27      Finally, the General Court observed in paragraph 67 of the judgment under appeal that, for the purposes of Article 107(1) TFEU, a combination of elements may be categorised as State aid if, having regard to their chronology, their purpose and the circumstances of the undertaking at the time of their intervention, those elements are so closely linked to each other that they are inseparable from one another (see, to that effect, judgment in Bouygues and Bouygues Télécom v Commission and Others and Commission v France and Others, C‑399/10 P and C‑401/10 P, EU:C:2013:175, paragraphs 103 and 104).

28      The General Court concluded that a combination of elements such as that mentioned by the Commission in the decision at issue may be categorised as State aid where the State acts in such a way as to protect one or more operators already present on the market, by concluding with them an agreement granting them fee rates guaranteed for the entire duration of that agreement, whilst having the intention of subsequently exercising its regulatory power by increasing the fee rate so that other market operators, new or already present on the market, are placed at a disadvantage.

29      It is in the light of those considerations that the General Court examined whether, in the present case, the Commission was right to find that the contested measure was selective.

30      In the first place, the General Court, in paragraphs 70 to 73 of the judgment under appeal, examined the legal framework governing the conclusion of the 2005 agreement. It stated in that regard that Article 26/A(5) of the Mining Act, which makes it possible to apply for an extension of the mining rights, does not appear to be a provision of a selective nature; nor can it be inferred from that provision that the Hungarian authorities may refuse to open negotiations with a view to concluding such an agreement. The General Court also found that, even if that provision provides that any mining undertaking may make an application to extend its mining rights, such an undertaking may, however, decide not to make that application or not to accept the rates proposed by the Hungarian authorities so that there is no resulting agreement.

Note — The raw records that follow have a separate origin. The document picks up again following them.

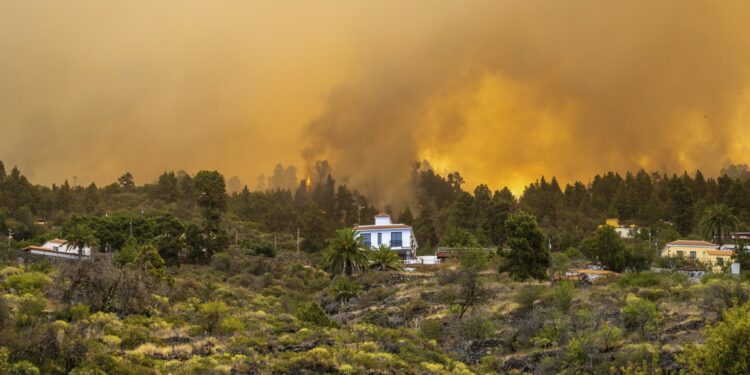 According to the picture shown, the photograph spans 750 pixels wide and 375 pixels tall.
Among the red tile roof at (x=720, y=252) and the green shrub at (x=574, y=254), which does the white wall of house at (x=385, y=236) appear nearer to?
the green shrub at (x=574, y=254)

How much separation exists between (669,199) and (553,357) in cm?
7742

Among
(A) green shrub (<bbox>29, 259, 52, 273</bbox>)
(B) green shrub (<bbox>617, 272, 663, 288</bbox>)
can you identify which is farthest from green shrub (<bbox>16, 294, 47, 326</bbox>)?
(B) green shrub (<bbox>617, 272, 663, 288</bbox>)

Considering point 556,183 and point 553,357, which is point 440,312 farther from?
point 556,183

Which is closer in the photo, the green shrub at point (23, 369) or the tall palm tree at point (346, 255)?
the green shrub at point (23, 369)

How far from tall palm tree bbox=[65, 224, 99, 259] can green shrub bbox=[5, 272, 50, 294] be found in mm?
26367

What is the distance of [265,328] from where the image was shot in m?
40.1

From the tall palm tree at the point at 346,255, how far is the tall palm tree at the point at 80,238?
2444 centimetres

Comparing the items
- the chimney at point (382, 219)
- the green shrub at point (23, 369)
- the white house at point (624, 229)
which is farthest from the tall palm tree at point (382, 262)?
the green shrub at point (23, 369)

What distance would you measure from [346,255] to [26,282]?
2948 centimetres

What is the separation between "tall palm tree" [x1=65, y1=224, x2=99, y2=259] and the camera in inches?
2854

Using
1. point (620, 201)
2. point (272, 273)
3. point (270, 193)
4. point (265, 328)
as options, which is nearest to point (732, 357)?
point (265, 328)

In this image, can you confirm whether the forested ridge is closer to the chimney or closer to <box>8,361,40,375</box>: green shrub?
<box>8,361,40,375</box>: green shrub

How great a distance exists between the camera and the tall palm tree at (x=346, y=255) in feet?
222

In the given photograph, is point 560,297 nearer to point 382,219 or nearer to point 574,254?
point 574,254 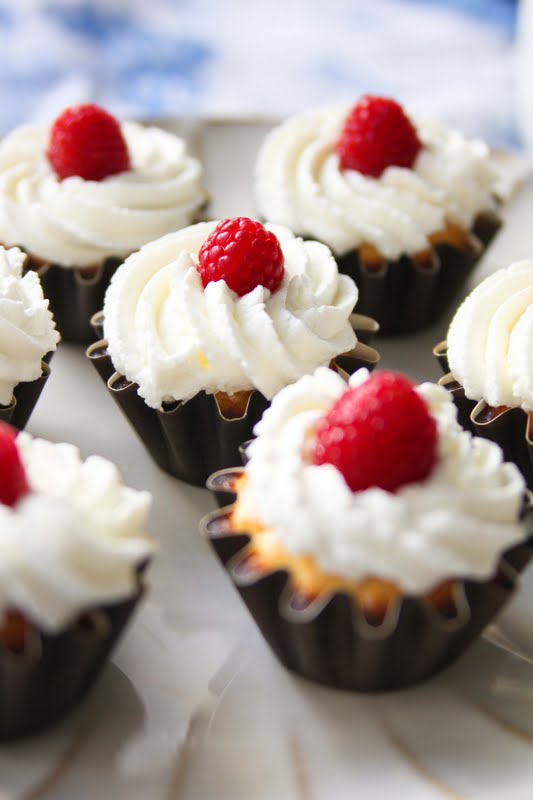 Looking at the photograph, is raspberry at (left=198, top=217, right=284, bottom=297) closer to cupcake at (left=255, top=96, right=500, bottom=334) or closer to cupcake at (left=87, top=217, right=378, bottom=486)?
cupcake at (left=87, top=217, right=378, bottom=486)

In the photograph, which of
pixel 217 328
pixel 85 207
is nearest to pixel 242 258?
pixel 217 328

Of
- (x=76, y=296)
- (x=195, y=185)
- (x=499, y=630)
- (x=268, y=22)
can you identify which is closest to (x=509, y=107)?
(x=268, y=22)

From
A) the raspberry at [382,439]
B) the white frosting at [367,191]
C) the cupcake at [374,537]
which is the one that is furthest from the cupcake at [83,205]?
the raspberry at [382,439]

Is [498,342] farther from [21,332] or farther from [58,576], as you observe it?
[58,576]

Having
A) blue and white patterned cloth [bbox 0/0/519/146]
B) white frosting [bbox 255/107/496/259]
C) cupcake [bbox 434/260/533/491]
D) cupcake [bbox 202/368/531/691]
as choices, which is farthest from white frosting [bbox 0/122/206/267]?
blue and white patterned cloth [bbox 0/0/519/146]

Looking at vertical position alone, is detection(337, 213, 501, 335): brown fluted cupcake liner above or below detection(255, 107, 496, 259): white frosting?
below

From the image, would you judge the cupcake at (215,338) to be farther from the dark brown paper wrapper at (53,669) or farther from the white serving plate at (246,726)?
the dark brown paper wrapper at (53,669) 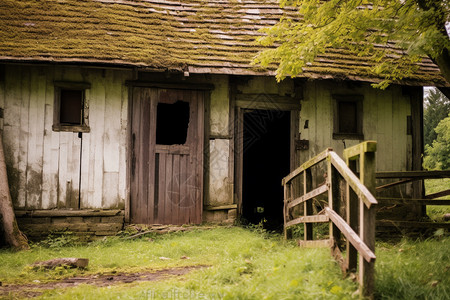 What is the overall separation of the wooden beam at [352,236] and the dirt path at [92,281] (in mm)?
2166

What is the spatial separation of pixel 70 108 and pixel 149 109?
5.27 ft

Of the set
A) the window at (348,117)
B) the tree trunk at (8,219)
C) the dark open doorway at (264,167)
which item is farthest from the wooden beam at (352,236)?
the dark open doorway at (264,167)

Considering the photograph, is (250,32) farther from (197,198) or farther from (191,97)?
(197,198)

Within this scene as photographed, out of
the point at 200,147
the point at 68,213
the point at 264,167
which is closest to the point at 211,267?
the point at 200,147

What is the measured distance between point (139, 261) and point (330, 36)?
441cm

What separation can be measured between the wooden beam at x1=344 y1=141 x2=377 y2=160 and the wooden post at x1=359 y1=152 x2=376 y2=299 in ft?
0.18

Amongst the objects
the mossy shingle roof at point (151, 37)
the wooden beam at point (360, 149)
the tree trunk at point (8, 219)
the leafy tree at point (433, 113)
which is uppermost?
the leafy tree at point (433, 113)

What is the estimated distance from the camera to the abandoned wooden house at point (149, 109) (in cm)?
780

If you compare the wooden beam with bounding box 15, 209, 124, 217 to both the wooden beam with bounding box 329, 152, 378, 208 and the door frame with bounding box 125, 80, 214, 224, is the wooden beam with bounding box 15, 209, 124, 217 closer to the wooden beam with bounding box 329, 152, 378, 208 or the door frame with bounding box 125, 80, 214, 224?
the door frame with bounding box 125, 80, 214, 224

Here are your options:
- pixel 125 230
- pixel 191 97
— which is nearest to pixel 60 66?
pixel 191 97

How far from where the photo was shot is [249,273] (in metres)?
4.40

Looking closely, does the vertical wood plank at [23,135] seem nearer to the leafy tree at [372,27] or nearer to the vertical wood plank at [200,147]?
the vertical wood plank at [200,147]

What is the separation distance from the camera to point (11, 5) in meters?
8.72

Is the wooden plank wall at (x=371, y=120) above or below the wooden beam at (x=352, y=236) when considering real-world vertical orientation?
above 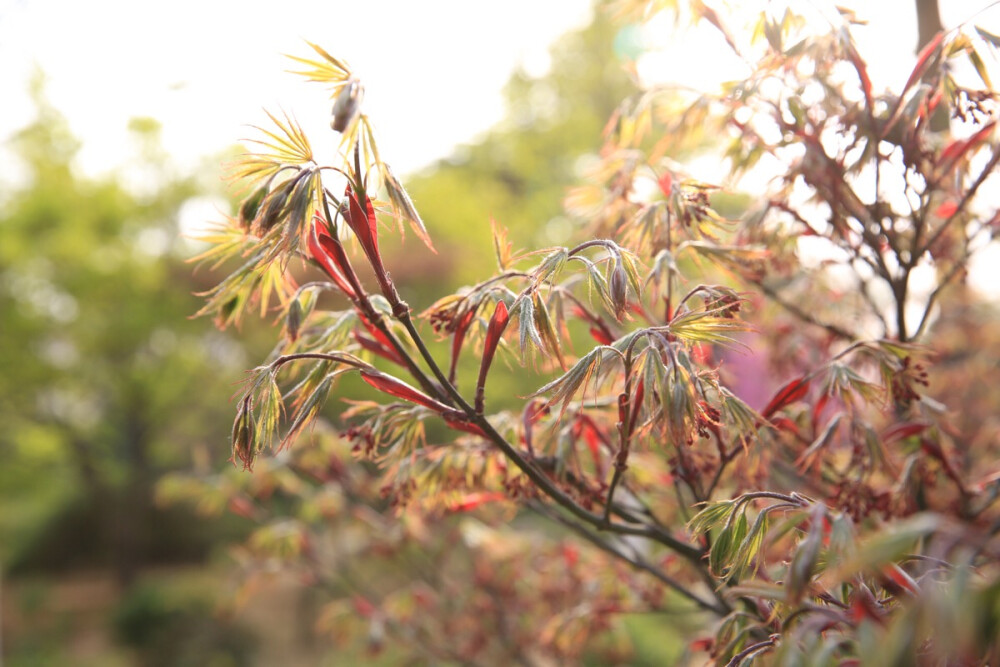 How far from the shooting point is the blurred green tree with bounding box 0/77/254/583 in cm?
729

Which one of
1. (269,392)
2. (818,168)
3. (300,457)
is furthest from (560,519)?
(300,457)

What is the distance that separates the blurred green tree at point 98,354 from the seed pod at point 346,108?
6.97 meters

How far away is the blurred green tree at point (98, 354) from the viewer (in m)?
7.29

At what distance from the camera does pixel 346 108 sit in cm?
85

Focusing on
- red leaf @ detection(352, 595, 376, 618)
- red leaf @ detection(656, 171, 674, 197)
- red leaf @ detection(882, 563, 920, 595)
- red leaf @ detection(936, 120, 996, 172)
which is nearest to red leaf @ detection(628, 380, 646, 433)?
red leaf @ detection(882, 563, 920, 595)

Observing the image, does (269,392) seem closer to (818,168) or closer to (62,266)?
(818,168)

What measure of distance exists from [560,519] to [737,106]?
36.2 inches

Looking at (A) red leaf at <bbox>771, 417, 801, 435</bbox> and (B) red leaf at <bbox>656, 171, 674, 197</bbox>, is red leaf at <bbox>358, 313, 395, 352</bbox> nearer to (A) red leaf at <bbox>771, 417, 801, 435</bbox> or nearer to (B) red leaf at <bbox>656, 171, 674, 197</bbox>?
(B) red leaf at <bbox>656, 171, 674, 197</bbox>

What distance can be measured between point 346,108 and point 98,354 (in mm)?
8602

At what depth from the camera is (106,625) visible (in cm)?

31      With regard to the margin of assessment granted to the Hungarian authorities by Article 26/A(5) of the Mining Act in relation to the rate of the extension fee, which determines, where applicable, that of the increased mining fee, the General Court found that such a margin of assessment cannot automatically be regarded as favouring certain undertakings or the production of certain goods over others and, thus, conferring a selective nature on the extension agreements concluded, given that it may be justified by various factors, such as the number of fields for which an extension has been granted and their estimated importance in relation to the fields already in production.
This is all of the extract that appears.